Hi DBgeek Army,
Welcome back to the world of Oracle!
Today, we will talk about Pseudocolumn.
Oh, wait. Have you read my previous notes on Pseudocolumn?
Click Here to read my notes on very important Pseudocolumns ROWID and ROWNUM.
ORA_ROWSCN is also a Pseudocolumn which returns the conservative upper bound system change number of the most recent change to the row. It helps users to know the date and time when any INSERT/UPDATE statements was issued to the Table. In simple words, we can say that this column gets populated/updated when a row gets imported/updated. Unfortunately, It is not absolutely precise because Oracle tracks SCNs by transaction committed for the block in which the row resides. It means, if a block contains 50 rows and only 5 rows updated via UPDATE statement, ORA_ROWSCN will get updated for all the rows (all 50 rows) available in that block. So user cannot identify ORA_ROWSCN which particular rows were get updated.
ORA_ROWSCN returns a numeric value and we can convert this value into the TIMESTAMP using the SCN_TO_TIMESTAMP built in function.
Let’s create a table insert 2000 rows. I am using PLSQL block with FOR LOOP to insert 2000 rows.
--create table CREATE TABLE test_scn ( col1 VARCHAR2(50) ); / BEGIN FOR i IN 1..2000 LOOP INSERT INTO test_scn VALUES ( 'test' || ( i ) ); END LOOP; COMMIT; END; /
So, I have created a table named test_scn and inserted 2000 rows into it. Let’s check the table using the GROUP BY clause on the ORA_ROWSCN Pseudocolumn.

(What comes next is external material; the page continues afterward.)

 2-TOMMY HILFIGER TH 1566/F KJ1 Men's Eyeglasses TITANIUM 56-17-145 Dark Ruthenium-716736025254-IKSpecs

SELECT scn_to_timestamp(ora_rowscn), COUNT(col1) FROM test_scn GROUP BY ora_rowscn;
|22-05-19 11:27:04.000000000 PM||2000|
You can see in the above result output that 2000 rows were inserted into the table at a specific TIMESTAMP. Every row has the same TIMESTAMP because when we committed the transaction inside the PLSQL block it took almost NO TIME to store it on the disk.
Let’s update only 1 row in the table and see the same results.

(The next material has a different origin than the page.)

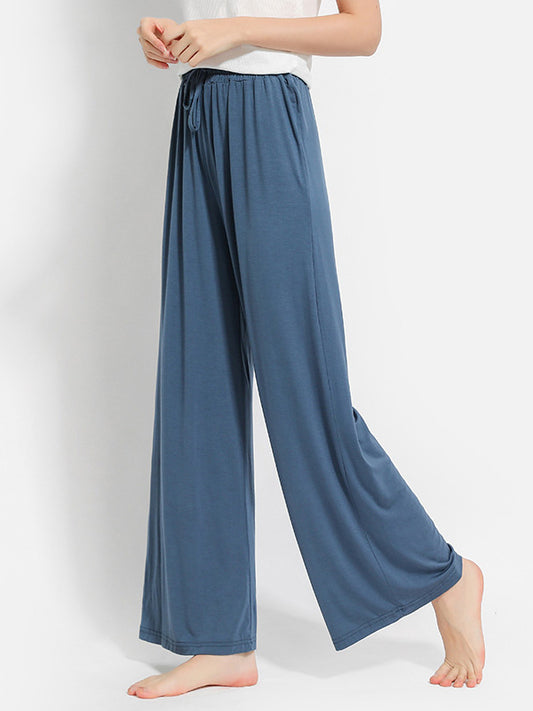 Comfortable Solid Color Modal Pajama Pants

UPDATE test_scn SET col1 = 'test_test' WHERE col1 = 'test4'; COMMIT; SELECT scn_to_timestamp(ora_rowscn), COUNT(col1) FROM test_scn GROUP BY ora_rowscn;
|22-05-19 11:27:04.000000000 PM||1433|
|22-05-19 11:37:38.000000000 PM||567|
See the results. We just updated 1 row but ORA_ROWSCN got updated for 567 records. It means, in that particular block we have 567 records.
We cannot use this pseudocolumn in a query to a view but a table only. Though we can use it to refer to the underlying table while creating a view. We can also use this pseudocolumn in the WHERE clause of an UPDATE or DELETE statement.